Urfa Akçakale sınırındaki Til Ebyad’ın IŞİD çetelerinden alınarak PYD/YPG’nin denetimine geçmesinin ardından düğmesine basılan sınırötesi operasyonun bir diğer amacının da AKP’nin uluslararası planda ve efendisi ABD nezdindeki imajını düzeltmek olduğu ifade ediliyor.

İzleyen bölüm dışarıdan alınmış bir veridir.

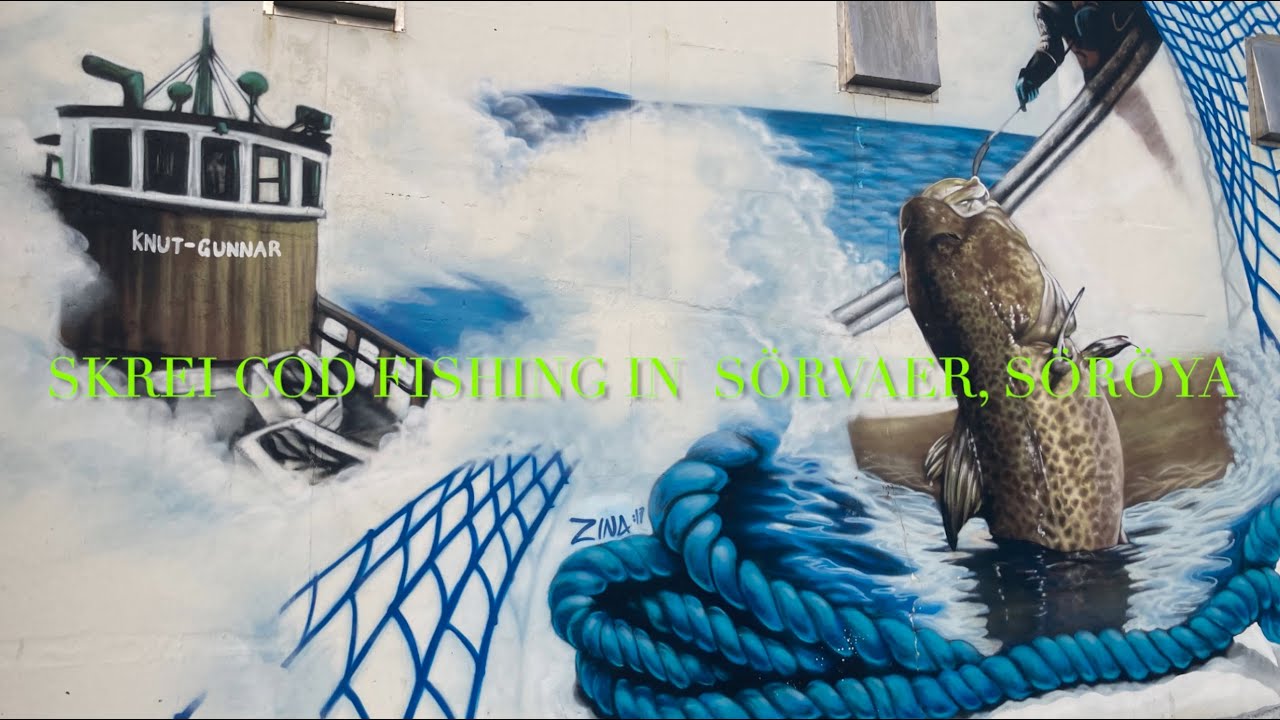 2022 Fishing Skrei cod, Sørvær, Söröya  - Part two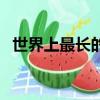 世界上最長的蜈蚣（世界十大最大的蜈蚣）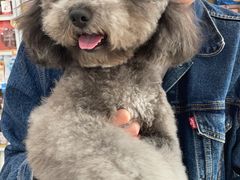 -瑞鹏宠物医院·超声·骨科·奇麟分院(蜀都万达店)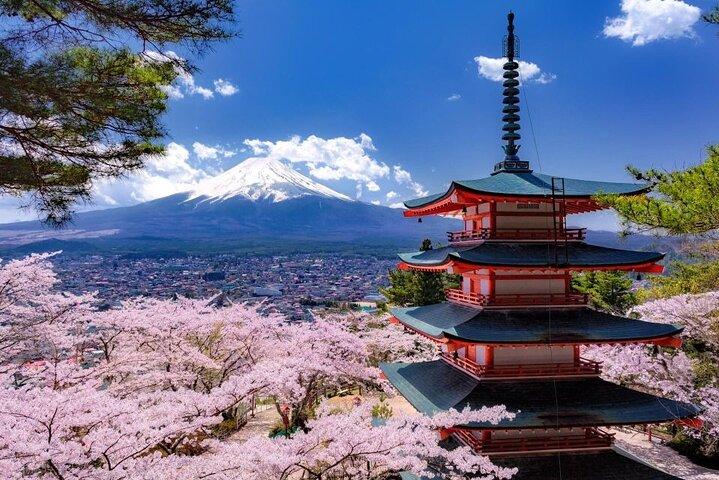 Private Mount Fuji and Hakone One Day Tour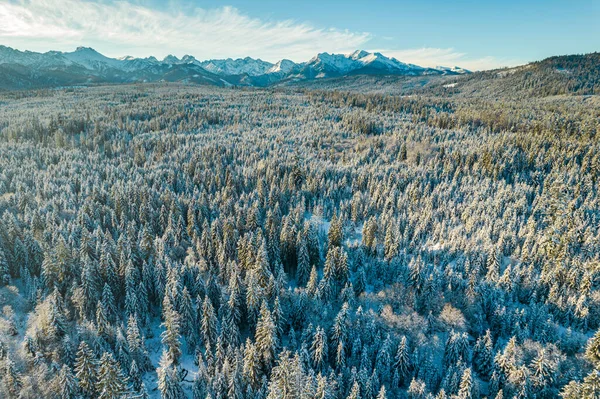 Tatras Mountains Winter Coat Aerail Drone View — 스톡 사진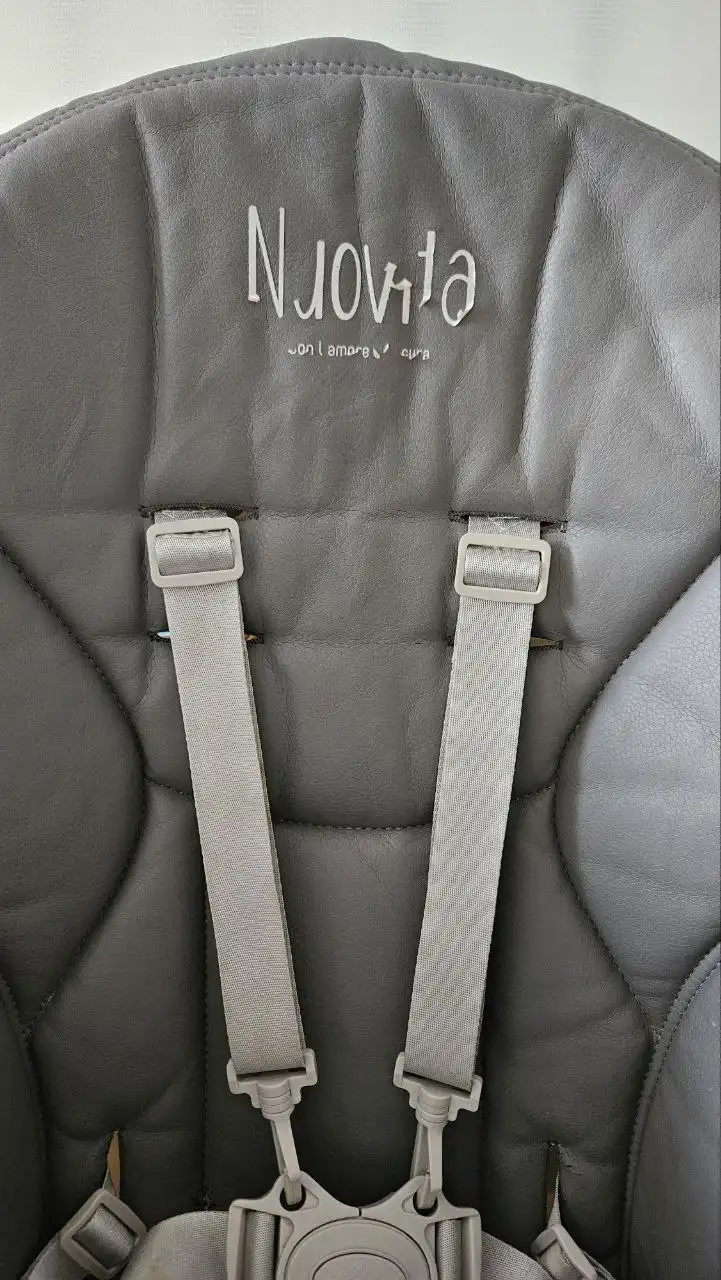 Стульчик для кормления Nuovita Futuro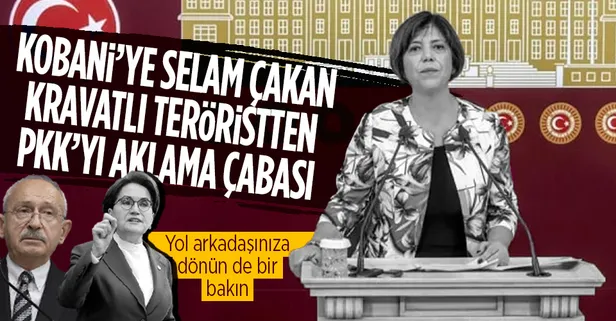 Pençe - Kılıç operasyonundan rahatsız olup Kobani'ye selam gönderen HDP'li Meral Danış Beştaş'ın önerge yalanı elinde patladı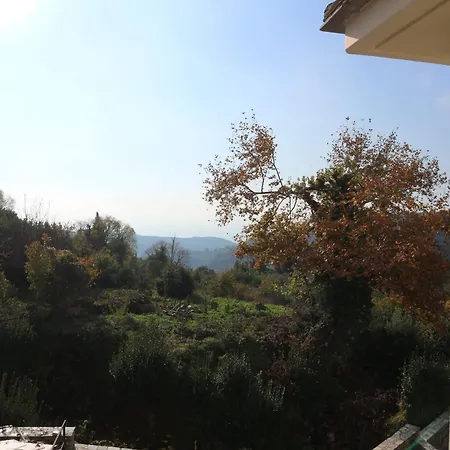 Elea In Milies Pelion Apartment *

IŞİD çetelerine ve bölgedeki gerici çetelere sağladığı askeri ve lojistik destekle emperyalist efendileri nezdinde ve ülke içinde tartışmalı hale gelen, bölgede başına buyruk bir saldırganlık politikası izleyen AKP’nin Suriye’ye sınırötesi operasyon planının gerekçeleri arasında "Hatay, Adana olayı. Bayırbucak Türkmenlerine giden TIR'larımızı çevirenlerin, yol kesen eşkıyaların kimler olduklarını şu an herkes çok açık bir şekilde görüyor. Bir yandan Esed rejimi, bir yandan bölücü örgüt sözcüleri, bir yandan da ülkemizdeki siyasi partinin sözcüleri aynı ağızla konuşuyor. Amaç dünyada bir algı operasyonu. Bu tür ithamlarla Türkiye'yi yanı başında olan olayların dışında olmaya zorlayarak, bölgenin demografisini değiştirme operasyonunu tamamlamak istiyorlar" ifadelerinin yer alması da operasyon hazırlıklarının arka planına işaret ediyor.

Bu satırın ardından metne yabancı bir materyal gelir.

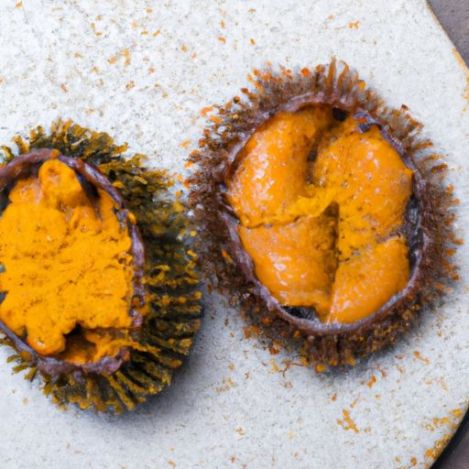 Steamed Sea Urchin Frozen Seafood sea urchin importer Condiment Premium Natural Simple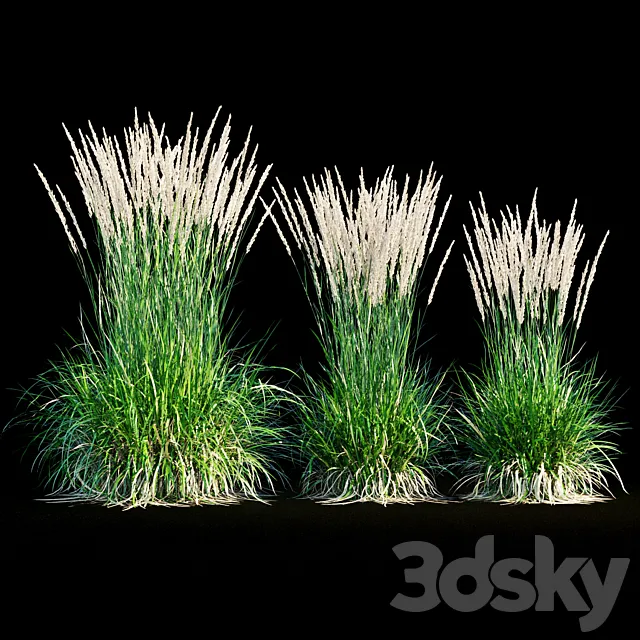 Feather reed grass 3D Model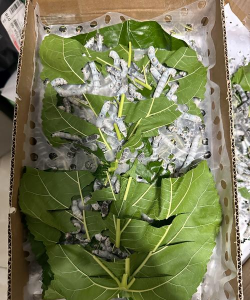 蚕便养花，天然肥料，省钱又环保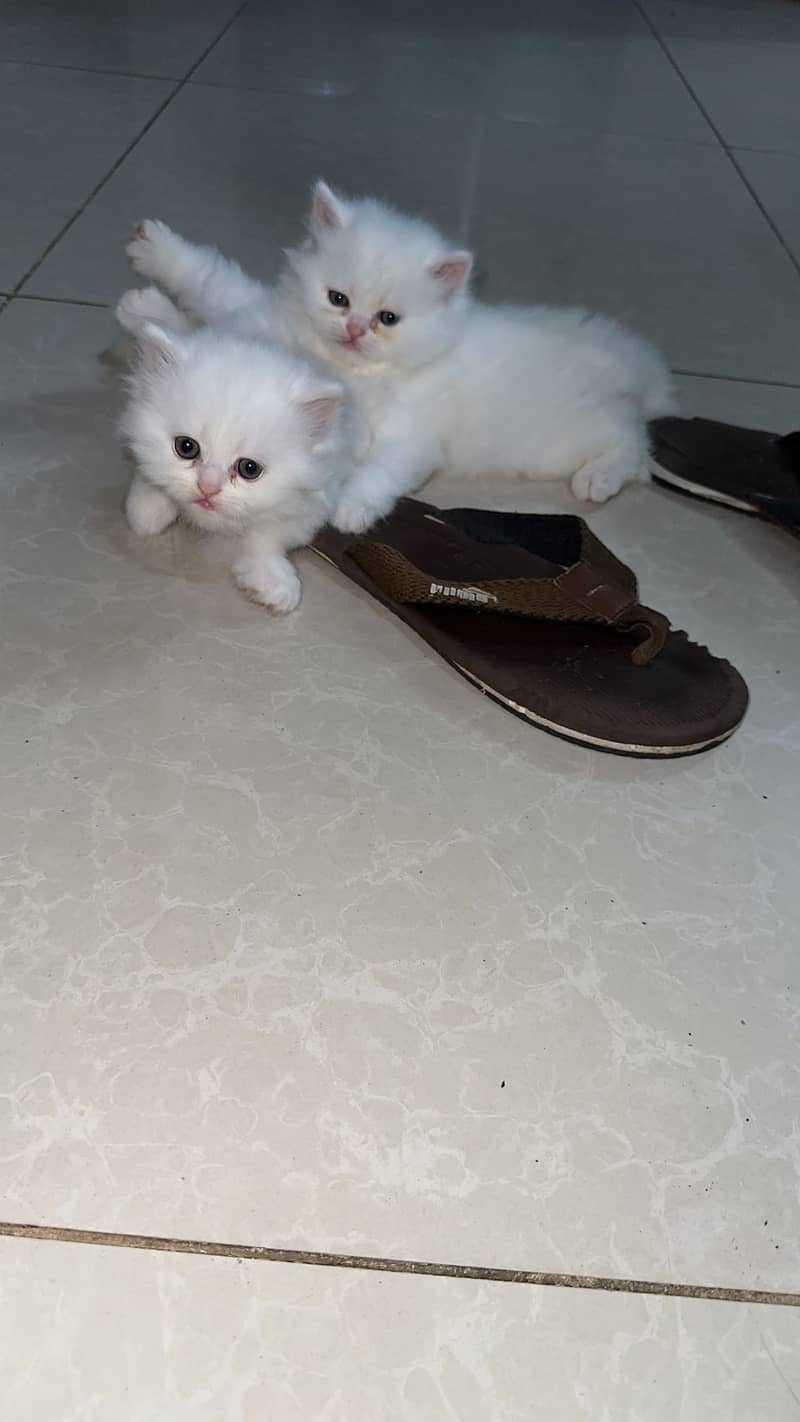 Persian White kittens for sell 5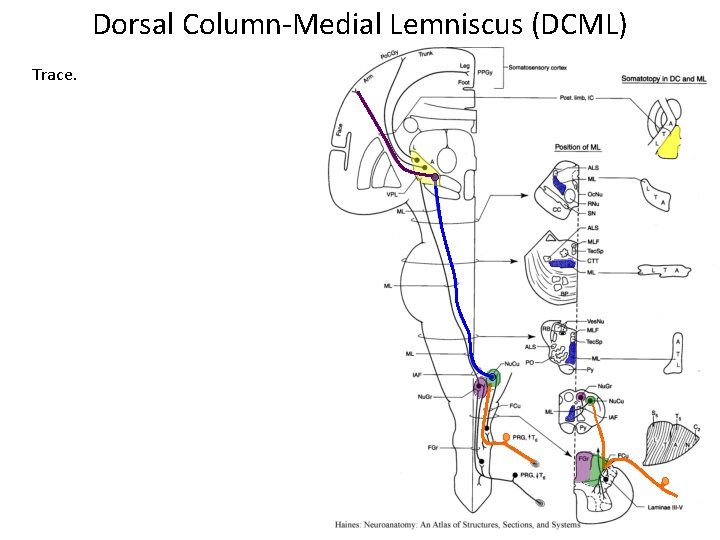 Dorsal Column-Medial Lemniscus (DCML) Trace. 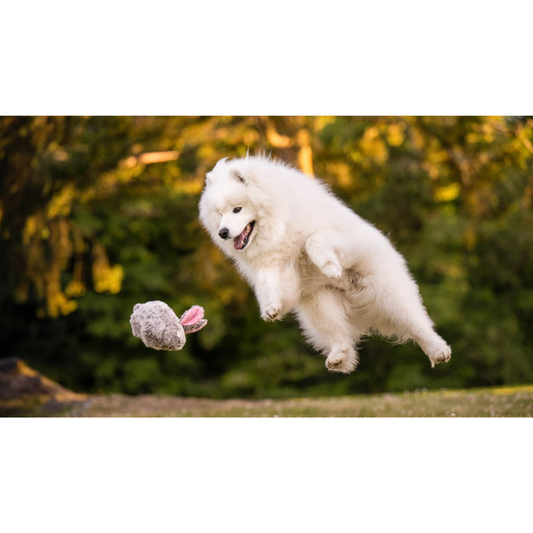 PLAY Baxter the Bunny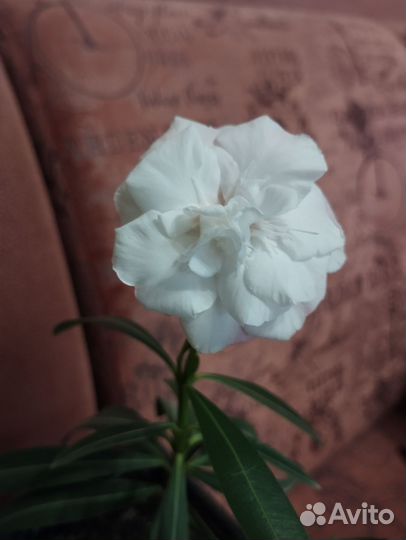 Монстера, олеандр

Diğer yandan, AKP’nin böylesi bir hamleyi yapmasının gerisinde siyasal kriz ortamındaki kargaşadan yararlanarak dikkatleri savaşa çekmeyi ve içerideki gerilemesini bu yolla durdurmayı amaçladığı yorumları sıkça yapılıyor.

Bugün yapılacak Milli Güvenlik Kurulu (MGK) toplantısından çıkacak sonucun beklendiği sınırötesi operasyona ilişkin istihbaratın efendi ABD’yle de paylaşıldığı ifade ediliyor. Ancak, ABD’nin böyle bir sınırötesi müdahale senaryosuna destek verip vermeyeceği ya da ne oranda destek vereceğine dair herhangi bir veri ortada yok.

Paylaşılan bir diğer iddia ise, seçimlerde gerileme yaşayan ve düzen siyasetini tek başına idare etme şansını kaybeden AKP’nin sınırötesi operasyon planının TSK nezdinde karşılık bulmadığı ve böylesi bir plana ordunun soğuk baktığı.